I have to tell you that aside from the amazing musicians Papa John has performed with on albums, and in recent months here at Merlin’s (Willie Murphy and, of course, Clint Hoover, who left town just this week!), he tells me that he once shared a stage with one of my favorite banjo players and riverboat captains, John Hartford. They discussed recording an album together – Can you imagine it?! – And their management fudged the plan. Probably for the best, since I would probably have dropped a fortune for a copy of that record long before I owned a record shop. Still, imagine a Papa John Kolstad / John Hartford album – What a music lover’s dream!
That great song about Duluth is by the Moose Willow Ramblers. I like it because I also like it in Duluth – In fact, five or six years ago Laura and I thought about moving to Duluth for a while.
Tom Waits’ “Christmas Card from a Hooker in Minneapolis” includes a reference to a dirty book store on 9th street off Euclid Avenue. Only problem? There’s no Euclid Avenue in Minneapolis. There is a Euclid Avenue in St. Paul, and Waits is hardly a songwriter associated with phoniness.
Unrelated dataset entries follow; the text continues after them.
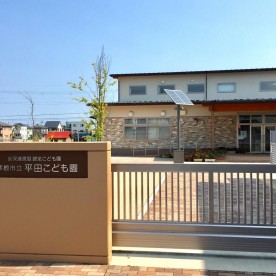平田こども園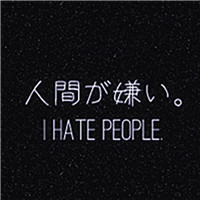 抖音emoji头像1
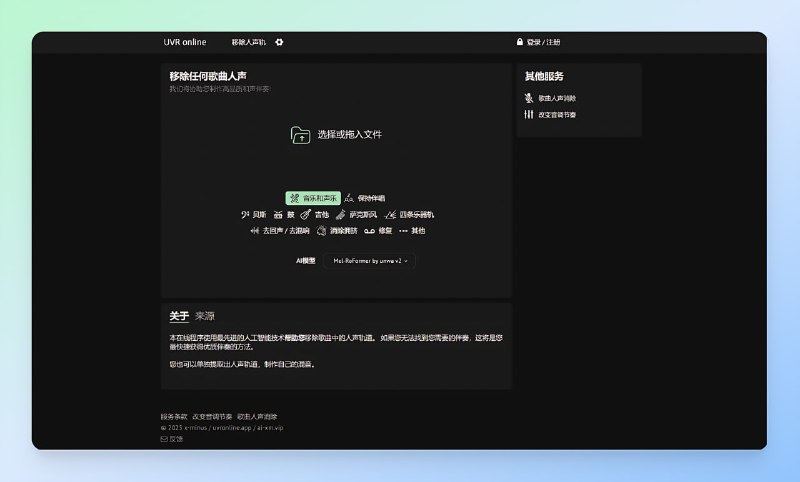 #人声分离 #网站🟠名称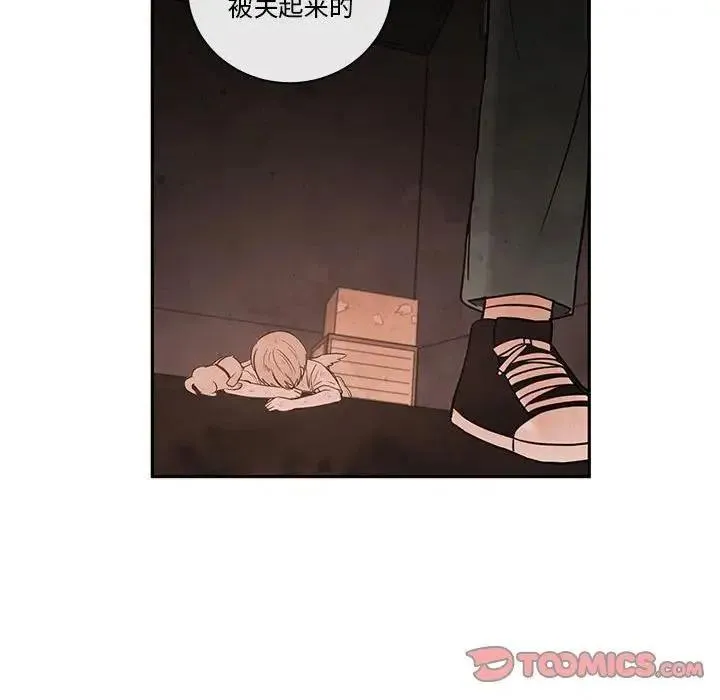 59 第26页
I like to think its all a misunderstanding – I mean, we all know the differences between Minneapolis and St. Paul are pretty blurred to out-of-town visitors. 9th Street reappeared a few years later on one of the only forgettable songs on his 1985 masterpiece Rain Dogs. “9th and Hennepin” compels us to consider what Waits experienced just off Block E sometime in the 70s to create such an impression – Could the “dirty book store” be the Shinder’s that spent its last couple decades at 8th and Hennepin?
Ten years ago a friend of mine was working there and I thought she was the most punk rock person I knew, working at the Shinder’s that Tom Waits (in my mind) immortalized in song. I was impressed until I visited her one day, and while we were talking a spooky character, the kind you avoid altogether, came in and asked if he could be allowed in the store again. “I fed the snake,” he said. Tom Waits himself couldn’t write that.
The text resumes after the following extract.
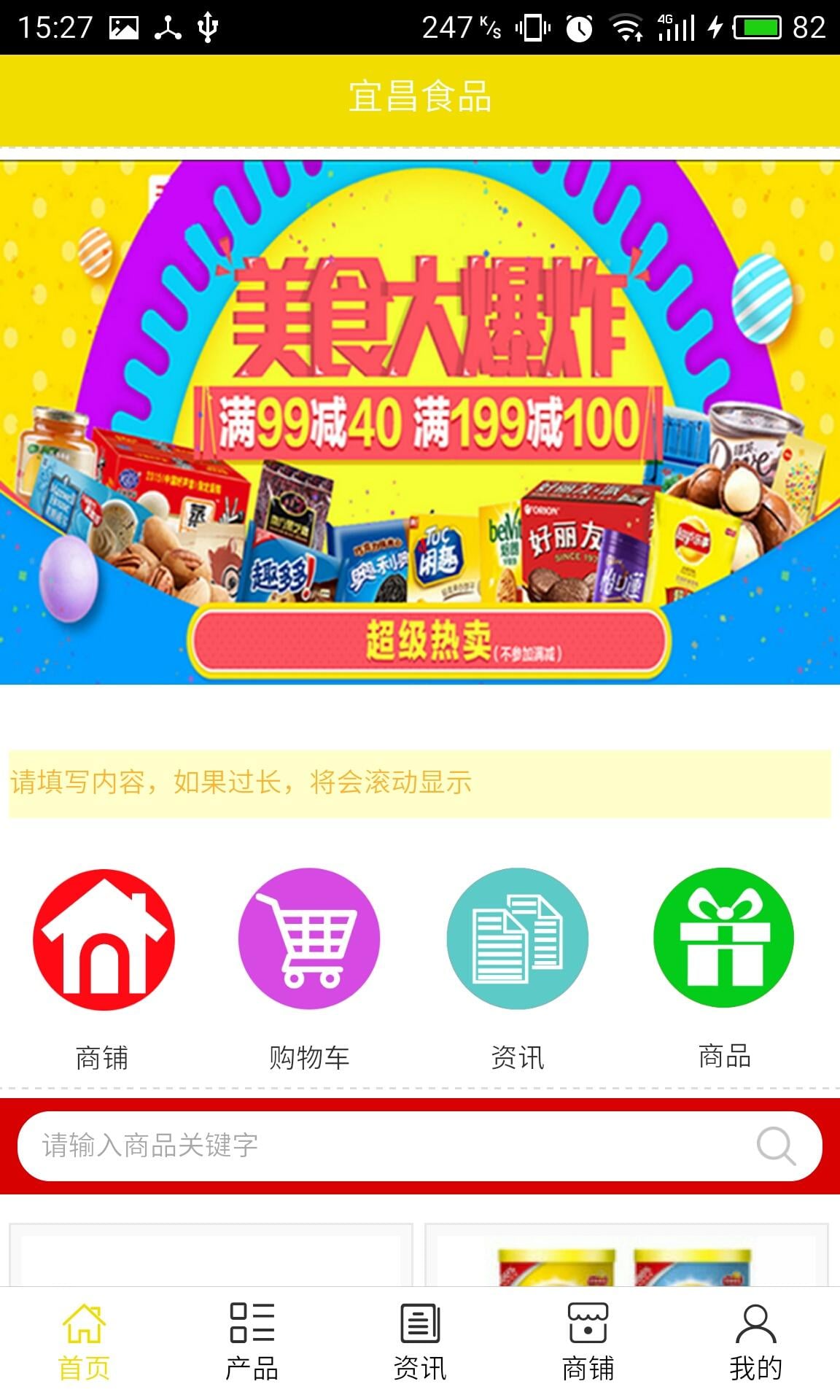 宜昌食品截图2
A couple months ago I posted a comparison of a couple hard luck tracks about Minneapolis – “Kayla Baker and I” by the Annandale Cardinals and “Mpls Song” by Pinhead Gunpowder. You can click here to read the whole post and hear each track.
Another songwriter who wrote about returning to Minnesota was Jerry Rau, who I remember best as the street musician I first saw in Dinkytown as a child. The title track from his 1978 Train on the Island album Minnesota Minstrel was about riding the rails. I suppose he was better at it than my friend from the Fridley story because he was on his way back home.
I have only one more Minnesota song to post today, although I imagine we could keep going for a while. I have to save some time for the other 48 remaining states (And I will post the next one tomorrow!), although Minnesota has been a lot of fun. Not only is it my home state, it seems to be a place that inspires a lot of pride in its native sons.
Still, many of the best Minnesota songs are by artists from far away places like California (Tom Waits), who-knows-where (Paul New) or Illinois (John Prine, who sang this next song). Sometimes people are just visiting, like the Bob Hope/Bing Crosby record implored us to do.
“Sabu Visits the Twin Cities Alone“ is from the John Prine album Bruised Orange.